Kimberly-Clark and Relivit bring nappy recycling to Australia


Thursday, 18 December, 2014

Australia currently produces 450,000 tonnes of disposable nappies and other absorbent hygiene waste each year - enough to fill the MCG stadium twice over. Now, Huggies nappy manufacturer Kimberly-Clark Australia is partnering with start-up company Relivit to recycle this waste for the first time in Australia.

Kimberly-Clark will send manufacturing waste from its Huggies Nappy Mill in south-west Sydney to Relivit, whose business model and technology allows over 95% of disposable nappies, as well as female hygiene and adult incontinence products, to be diverted away from landfill. In addition, an exclusive partnership with the Huggies brand will give consumers the option to recycle their hygiene waste.

Jacquie Fegent-McGeachie, head of sustainability and corporate affairs at Kimberly-Clark Australia & New Zealand, said the company has been working hard for years to allow its products to be recycled post use and is therefore “thrilled to be supporting Relivit in establishing Australia’s first absorbent hygiene waste facility”.

“We believe that Relivit’s business model, which is set to make recycling absorbent hygiene waste cheaper than landfill, will be a game changer for waste management in Australia,” she added. “Relivit has the technology to recover the materials from absorbent hygiene products post-use and will help to address landfill.”

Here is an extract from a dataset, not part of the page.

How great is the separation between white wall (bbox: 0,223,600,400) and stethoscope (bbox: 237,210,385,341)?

Relivit has worked to secure a site on the south coast of NSW that will service from Newcastle and the Lower Hunter through the Central Coast and Sydney, down to Wollongong and the Southern Illawarra. The company’s managing director, Mark Dunn, explained that with Kimberly-Clark “joining our other partners Initial Hygiene and Bunzl Outsourcing Services, we’re hoping to secure the final piece of funding needed to start building our first facility in NSW”.

Once the targeted capital investment has been secured, Relivit’s plant will recover the paper fibre, plastic and super absorbent polymer (SAP) contained in absorbent hygiene waste to be used to manufacture new products such as park benches, building materials and more. Dunn said the initiative will “allow us to create 70 new, sustainable jobs, divert tens of thousands of tonnes of waste from landfill and reclaim millions of dollars’ worth of materials”.